The Milk Crate Bike: What Winter Does to a Motorcycle Guy in Minnesota
Keeping Sane in a Minnesota Winter


(2017) When I was a kid, in the 1970s, I’d walk a mile from the farm to Highway 61 to buy a can of soda (pop) from the Skelly gas station vending machine. A mile. On foot. Uphill both ways.

The guy who ran that Skelly station rode a green Suzuki GT550 with a Vetter fairing on it. It wasn’t a “classic,” it wasn’t a “collectible”—it was just his ride. He commuted on it, toured on it, and once rode it all the way to Florida and back. And like every motorcycle in the Carter administration, it had a milk crate lashed to the back. Forget your $900 anodized EuTouratech luggage systems; in the ’70s, we had Marigold Farms milk crates and a couple of bungee cords.

That old Suzuki was basically my first streetbike—even though I never owned it, never sat on it, never even touched it.

I’d just stare at it like it was the Ark of the Covenant while I drank my soda. The cylinder head had “RAM AIR” stamped on it, which to my kid brain meant supercharger. Obviously.

In reality, it was Suzuki’s engineering equivalent of a comb-over: a weird tin plate duct glued on top of the motor to “channel air.”

Yeah, sure.

The other part of this story is even dumber: as a farm kid, we only drank milk and water. I’d never actually had a soda at home. But I saw all those Coke commercials on TV with the fizz erupting out of the bottle, so I assumed that’s how you drank it. Foam. So I’d sit next to the GT550, shaking cans of Coke like a monkey with a hand grenade, and drink the froth while staring at the bike. Imagine being that station owner: “Well, there’s the weird kid again, guzzling foam next to my motorcycle. Hope he doesn’t die.”

He never chased me off, though.

Toby Adams


The owner of the GT550 died suddenly the summer I was 14 or 15. A few weeks later, I walked five miles into town to ask his widow if she’d sell me the GT550. I had a janitor job lined up at the church and had even worked out a payment plan in my head.

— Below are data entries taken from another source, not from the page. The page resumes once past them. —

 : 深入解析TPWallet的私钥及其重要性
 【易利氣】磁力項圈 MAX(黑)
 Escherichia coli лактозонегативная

But I sat on the curb across the street from her house, staring at the door, and chickened out. Walked home. Never saw the bike again.

Years later, when I knew what the GT series really was, I dismissed them as vintage landfill. The GT550—nicknamed “The Indy”—was a three-cylinder two-stroke “touring” bike with four pipes and the performance credibility of a John Deere riding mower. Naming it after the Indianapolis Motor Speedway was borderline blasphemy.

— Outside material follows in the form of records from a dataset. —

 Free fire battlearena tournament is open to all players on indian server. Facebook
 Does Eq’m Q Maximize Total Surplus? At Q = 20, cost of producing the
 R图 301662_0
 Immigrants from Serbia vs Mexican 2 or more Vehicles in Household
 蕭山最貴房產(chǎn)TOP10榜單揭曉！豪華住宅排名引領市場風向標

When my buddy Dick once called it the "Indy" on my porch, I told him flat out: “Don’t. Not in my house.”

Toby Adams
"You can't judge art." I applied a bunch of "Keep on Truckin'" style 1970s decals to the lame Vetter fairing. Which wasn't any more ridiculous than Suzuki putting four mufflers on a three-cylinder engine. An entire fourth muffler!


By 2015 I had finished a Kawasaki triple project—a bike so legend that men would follow you to gas stations just to blurt unsolicited facts about it. And yet, during that “restoration,” I came dangerously close to rolling it into the street and giving it to the first person who expressed interest.

The Triple came out nice, and riding it was like being an attractive blonde with an ample chest: men followed you everywhere and blurted compliments at gas stops.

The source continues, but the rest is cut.